Even when I wasn't being objectionable, the public would still get the hump. A woman came to the window and told me that the ticket machine had stolen her £4. This is an everyday occurrence, and I needed to get a print-out from the back of the office. I asked her to wait a second while I got it.

"What? How can you be so rude!" she exclaimed, appalled.

My eyes flitted from hers to the man standing behind her in the queue. Often in these circumstances you implore bystanders with your eyes, like a drunk groping a banister, to try to retain a sense of normality. When the lady had stormed off, the man came to the window. I asked him, a little sadly: "Excuse me, but can I ask your opinion of that?"

"No," he said, "I'm in a hurry."

I had long considered the ability to put up with a job to be one of my strong points. The parade of punters eager to tell me "you're in the wrong job, mate" got short shrift. But I was beginning to wonder how bad it would have to get before I cracked. I was soon to find out.

My manager came to see me with two separate complaints that I had told customers to "fuck off." I protested, pointing out that prior to this I had not had a complaint for 18 months. (He didn't realise that I had spent eight of those months off sick.) But, he warned me, any repeat and I would kiss goodbye to the chance of promotion to supervisor, the only way, I had ascertained, that I could possibly survive much longer.

So, just seven days later, I am serving a customer at the excess fare window who has strayed out of the zone of her travelcard. I tell her that she is supposed to pay for any extension to her travelcard before she travels, and ask her for the excess, which is £1.10.

"Just how fucking much?" she says.

I choose my words carefully. "It's one pound ten," I say, "but I'm not going to serve you, you can fuck off back to zone two." That's my right: once they swear at you, you don't have to serve them.

She goes apeshit and starts raving that she wants to make a written complaint. I see my supervisor hopes going up in smoke. I also go apeshit.

She leaves. Half an hour later a man appears at my window. He wants to know if I am the man who swore at his wife. A queue is forming behind him. I tell him to go away. He starts to imply that I wanted to slap his wife. I tell him to fuck off. He finally fucks off—to the supervisor's office to make a complaint.

I serve the queue, all of whom look at me as though I have murdered a small child. I reflect that this could be my last day on the underground. In fact, to my astonishment, I am not sacked. A rumour suggests the reason is that the man has demanded my sacking, which has offended my manager's principles. It is only much later that I realise how much he has stuck his neck out for me. But I am a marked man. With my temperament, and no chance of getting out of the ticket office, I am on my last legs.

They send me to anger management counselling. The counsellor takes a shine to me, and we agree that I need to leave the ticket office. In an organisation the size of Transport for London, she says, there must be more opportunities than just becoming a supervisor (now closed) or a driver (two-year waiting list). I try to meet my managers to discuss her recommendations. They ignore my requests.

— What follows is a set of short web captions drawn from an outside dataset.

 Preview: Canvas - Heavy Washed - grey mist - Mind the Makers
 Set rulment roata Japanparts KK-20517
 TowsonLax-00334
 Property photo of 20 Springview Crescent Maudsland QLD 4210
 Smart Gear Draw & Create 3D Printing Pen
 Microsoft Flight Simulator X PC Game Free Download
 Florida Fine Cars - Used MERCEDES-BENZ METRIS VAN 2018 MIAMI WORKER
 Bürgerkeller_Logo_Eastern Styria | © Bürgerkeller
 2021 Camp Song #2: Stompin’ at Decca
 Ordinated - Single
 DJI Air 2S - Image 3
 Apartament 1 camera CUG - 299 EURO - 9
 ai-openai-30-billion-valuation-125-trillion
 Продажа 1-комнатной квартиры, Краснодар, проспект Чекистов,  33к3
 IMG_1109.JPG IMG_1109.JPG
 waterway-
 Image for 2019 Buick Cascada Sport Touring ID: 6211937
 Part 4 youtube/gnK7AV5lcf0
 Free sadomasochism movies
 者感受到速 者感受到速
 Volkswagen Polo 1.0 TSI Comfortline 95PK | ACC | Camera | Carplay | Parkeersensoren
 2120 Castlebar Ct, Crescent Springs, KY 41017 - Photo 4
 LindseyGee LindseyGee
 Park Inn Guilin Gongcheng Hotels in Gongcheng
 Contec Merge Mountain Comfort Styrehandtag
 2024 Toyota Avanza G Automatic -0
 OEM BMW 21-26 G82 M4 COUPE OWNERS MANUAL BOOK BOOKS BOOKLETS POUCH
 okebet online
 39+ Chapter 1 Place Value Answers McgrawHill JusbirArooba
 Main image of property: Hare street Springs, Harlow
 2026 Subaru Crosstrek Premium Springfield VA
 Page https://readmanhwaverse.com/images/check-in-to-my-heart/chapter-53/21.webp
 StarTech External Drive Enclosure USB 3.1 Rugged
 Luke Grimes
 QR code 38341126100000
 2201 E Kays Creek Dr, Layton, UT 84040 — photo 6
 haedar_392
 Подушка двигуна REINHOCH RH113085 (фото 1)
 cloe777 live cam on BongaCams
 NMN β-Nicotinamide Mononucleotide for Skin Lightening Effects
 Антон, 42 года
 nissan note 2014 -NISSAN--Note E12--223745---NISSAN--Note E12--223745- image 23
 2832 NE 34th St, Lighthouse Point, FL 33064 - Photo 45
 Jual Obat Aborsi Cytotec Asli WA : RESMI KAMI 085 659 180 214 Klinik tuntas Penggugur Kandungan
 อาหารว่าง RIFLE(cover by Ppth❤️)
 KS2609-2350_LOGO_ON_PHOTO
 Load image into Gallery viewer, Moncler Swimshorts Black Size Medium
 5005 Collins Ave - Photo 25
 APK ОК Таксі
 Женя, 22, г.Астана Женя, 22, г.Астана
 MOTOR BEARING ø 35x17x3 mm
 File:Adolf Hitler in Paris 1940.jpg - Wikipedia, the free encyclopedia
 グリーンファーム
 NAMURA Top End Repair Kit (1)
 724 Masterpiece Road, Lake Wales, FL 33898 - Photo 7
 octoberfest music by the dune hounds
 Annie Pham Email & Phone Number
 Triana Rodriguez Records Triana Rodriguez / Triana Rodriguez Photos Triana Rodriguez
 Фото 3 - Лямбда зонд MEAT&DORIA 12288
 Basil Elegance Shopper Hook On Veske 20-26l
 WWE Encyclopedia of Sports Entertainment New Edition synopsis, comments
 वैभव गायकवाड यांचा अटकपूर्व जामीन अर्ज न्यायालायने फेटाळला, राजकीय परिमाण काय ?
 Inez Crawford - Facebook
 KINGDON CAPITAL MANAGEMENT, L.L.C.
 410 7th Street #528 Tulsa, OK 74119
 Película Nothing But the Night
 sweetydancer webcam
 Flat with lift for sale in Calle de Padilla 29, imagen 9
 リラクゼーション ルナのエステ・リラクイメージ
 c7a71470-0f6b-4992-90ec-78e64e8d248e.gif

Things go on much as before. I keep my nose clean for a few months, but then it all goes wrong. Two complaints within a couple of days. A month later, one more, followed by a huge row with a supervisor. I go sick in protest. A manager phones me up to tell me that I am fucked. They suspend me. My union rep gets hold of the disciplinary panel submission. He tells me I am fucked.

I agree to resign. My manager says he will bung me a few weeks' extra money to help me out. The next day, after I have signed on the dotted line, he tells me that he can't pay me the extra.

So I kiss goodbye to a job for life, good holidays, great pension, 5am starts, surly punters, disloyal colleagues, mendacious managers. Where do I go from here? Maybe I'll try the post office.